(Extracted records)
:::
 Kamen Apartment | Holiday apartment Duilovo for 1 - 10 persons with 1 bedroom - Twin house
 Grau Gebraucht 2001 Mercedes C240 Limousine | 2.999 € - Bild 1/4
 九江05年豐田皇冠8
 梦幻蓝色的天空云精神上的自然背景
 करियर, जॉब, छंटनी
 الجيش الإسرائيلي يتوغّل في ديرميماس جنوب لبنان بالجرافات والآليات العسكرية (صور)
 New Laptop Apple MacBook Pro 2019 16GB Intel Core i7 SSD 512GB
:::
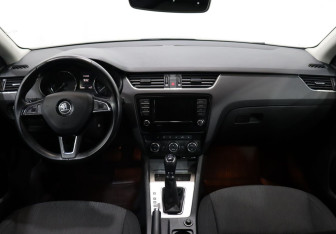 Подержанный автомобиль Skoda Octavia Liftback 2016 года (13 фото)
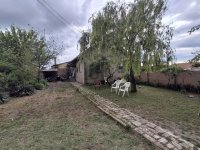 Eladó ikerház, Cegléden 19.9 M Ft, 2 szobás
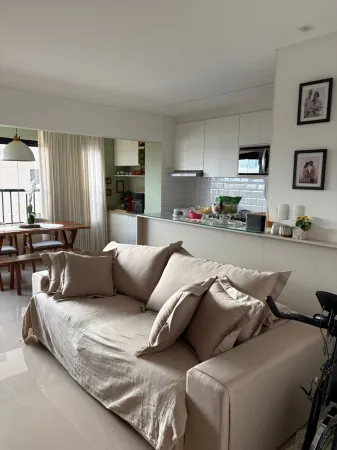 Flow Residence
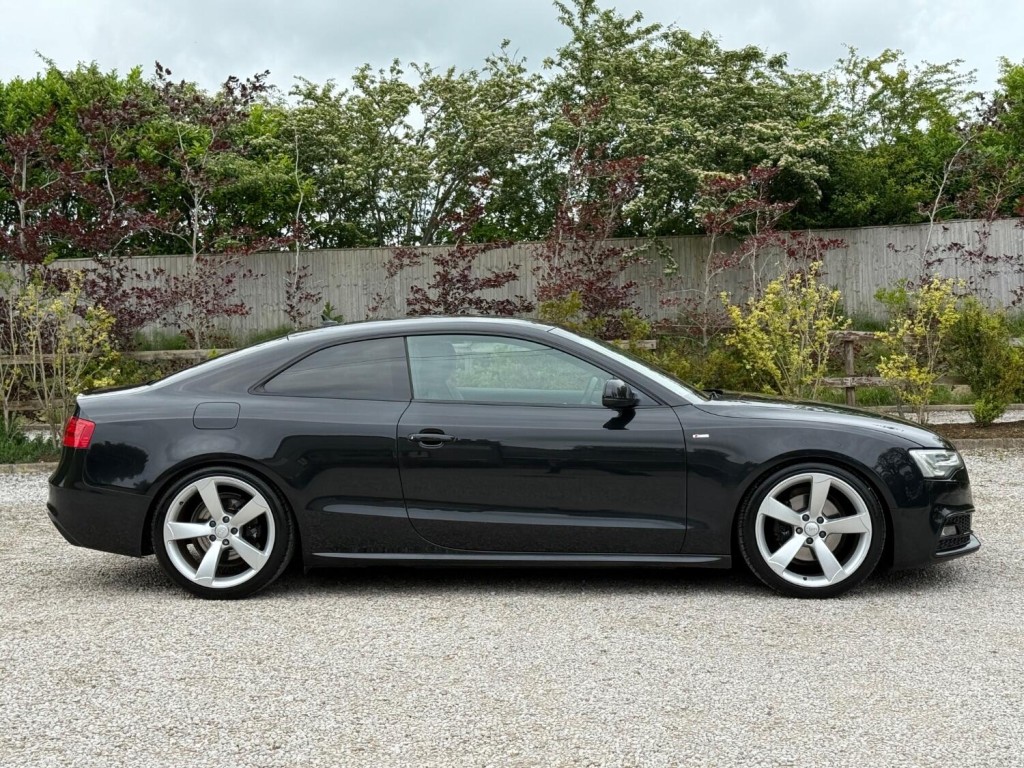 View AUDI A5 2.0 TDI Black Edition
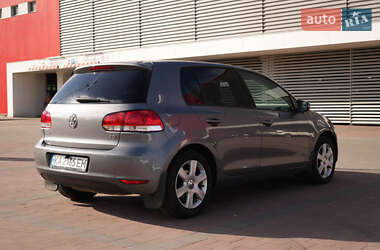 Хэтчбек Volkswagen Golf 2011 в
:::
Problem details – Could you set down, word for word, only the lines above from the line with "Kamen Apartment |" to the line with "New Laptop Apple", including both?

Your response –
 Kamen Apartment | Holiday apartment Duilovo for 1 - 10 persons with 1 bedroom - Twin house
 Grau Gebraucht 2001 Mercedes C240 Limousine | 2.999 € - Bild 1/4
 九江05年豐田皇冠8
 梦幻蓝色的天空云精神上的自然背景
 करियर, जॉब, छंटनी
 الجيش الإسرائيلي يتوغّل في ديرميماس جنوب لبنان بالجرافات والآليات العسكرية (صور)
 New Laptop Apple MacBook Pro 2019 16GB Intel Core i7 SSD 512GB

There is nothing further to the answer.